The Earth has been through much warmer periods and through much colder periods. Yet there never was any runaway event these fools are suggesting. The effects of the “greenhouse gases” have been severely overstated in all their climate models and the corrective factors of the complex system that is our climate have been ignored and some are not even known. Even the articles on this stupid website acknowledge this every once in a while.
So why do you keep on with this fearmongering? We’re not doing away with fossil fuels anytime soon. We can’t and we shouldn’t.
“… following current policies this century would commit to a 45% tipping risk by 2300 (median, 10–90% range: 23–71%), …”
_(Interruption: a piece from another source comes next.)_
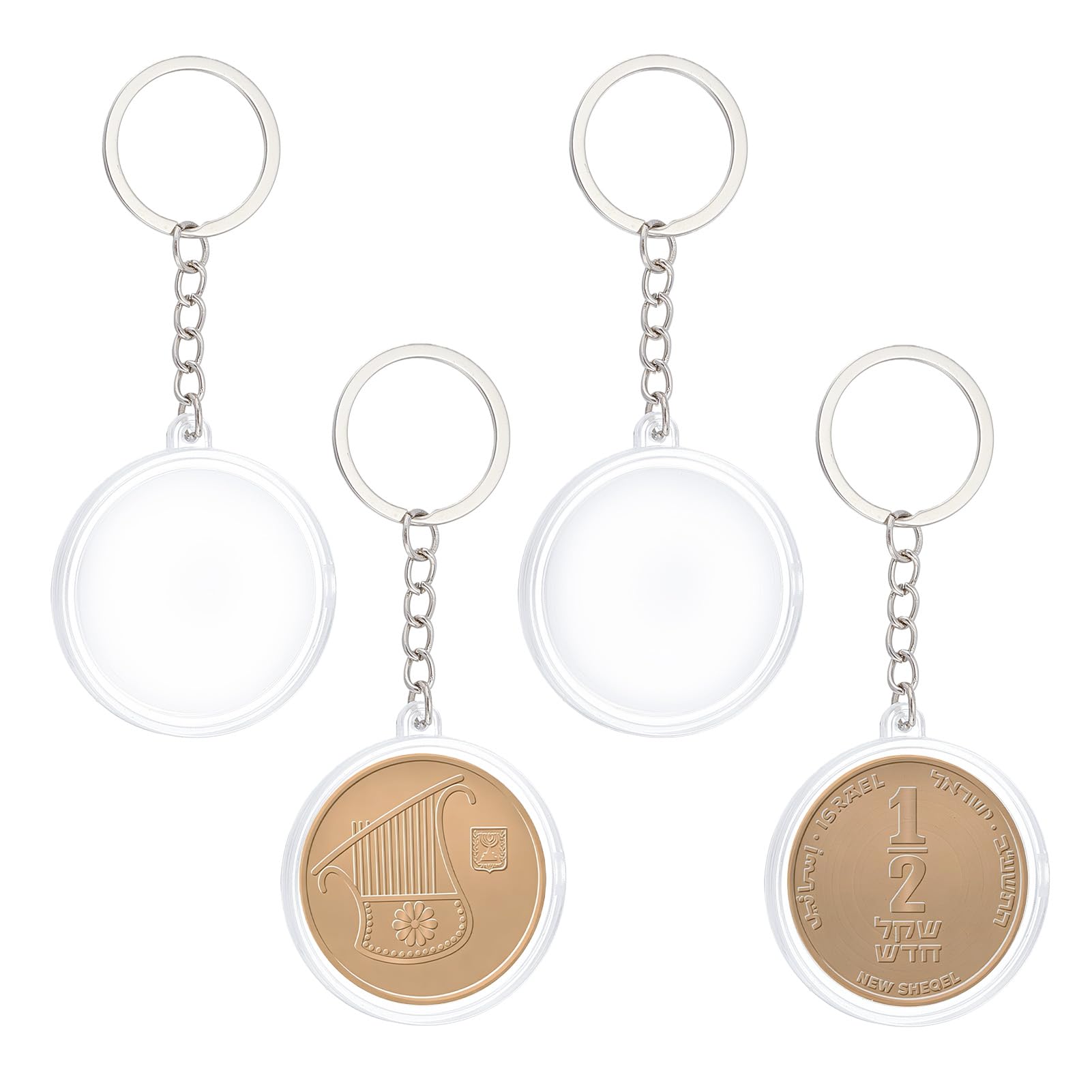NICENEEDED 4 Llavero Porta Monedas, 1.57" Estuche Transparente con Cápsulas Duras para Monedas, Ideal para Medallones Y Colección de Monedas de Recuerdo.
That is somewhat less than the typical +/-~2-sigma, 5-95% probability range, which would be closer to a range of 20-80% tipping risk. Would you risk a lot of money on an investment if your financial adviser told you that your returns had a 95% probability of being as much as 30% higher or LOWER than the forecast return? The actual article speaks to the modeling problem of “a lack of processes important for resolving tipping.” In that light, how were the nominal percentage and uncertainty range estimated? Apparently, they used a Monte Carlo ensemble and derived their numbers from the runs that exhibited at least one of the four tipping parameters transitioning. The only problem with this is the unstated assumption that the model they used is reliable.
Again from the article, it says, “This can be explained by the fact that the tipping threshold ranges for the ice sheets begin well below 1.5 °C2. It is unclear to me what is meant by that. Ice melts at a fixed temperature. For a runaway situation, the rate of increase of the elevation of the melt-line would have to exceed the lapse rate. That is to say, no ice will melt until it reaches the melting point, and the temperature drops more rapidly with elevation than can be expected to occur at sea level over a mid-time interval. That is to say, the high elevation glaciers in West Antarctica are unlikely to be affected significantly by a 2 or 3 degree warming at sea level when the Winter high-elevation temperatures are as much as -50 deg C (recently nearly -80 deg C).
Why are the error bars for the mid-term tipping risk (next 300 years) substantially the same as the error bars for the long-term (next 50,000 years)? The implication is that the distant future can be predicted with essentially the same accuracy as the next 275 years. I don’t think that is a reasonable assumption. I would expect that the uncertainty would be at least proportional to the amount of time, if not much greater.